A printed copy of the application form must be filed with MOFCOM or Provincial MOFCOM4 with the review process to be completed within three (3) working days. If the application form is complete and in compliance with requisite format (符合法定形式), a certificate of approval is to be issued upon completion of the review process within this short timeline.
Criteria Of Review
The New Outbound Rules do not expressly provide for any quantitative or qualitative criteria governing the approval vetting process.

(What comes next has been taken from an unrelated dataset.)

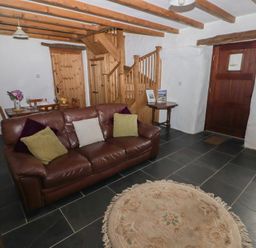 A living room with a leather sofa and pillows a round rug visible wooden stairs and a dining table at Panteurig Cottage in Strumble Head Goodwick Pembrokeshire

However, Article 8 of the New Outbound Rules lists four categories of outbound investments that will not be approved by MOFCOM/Provincial MOFCOM:
- outbound investment that threatens the country's national sovereignty, security or social public interests, or is in violation of PRC laws and regulations;
- outbound investment that harms the relationship between China and the relevant country (district);
- outbound investment that might lead to violation of international conventions to which China is a contracting party; and
- outbound investment that involves technology or commodities that are prohibited from exportation.
Finally, the New Outbound Rules clarify that the technological and/or economic feasibility of the outbound investment project are the Chinese Investor's own responsibility and correspondingly beyond the scope of MOFCOM's review.
2. Companies incorporated in Hong Kong and Macao Special Administrative Regions and Taiwan are excluded.
3. Outbound investment involving offshore financial enterprises is subject to separate regulations promulgated by the China Banking Regulatory Commission, the China Insurance Regulatory Commission and the Chinese Ministry of Finance.
4. Only a limited group of "centrally-managed" state-owned companies will be required to file the application form with MOFCOM. A list of such companies is available on MOFCOM's website. For other companies, the application form may be filed with Provincial MOFCOM.
Because of the generality of this update, the information provided herein may not be applicable in all situations and should not be acted upon without specific legal advice based on particular situations.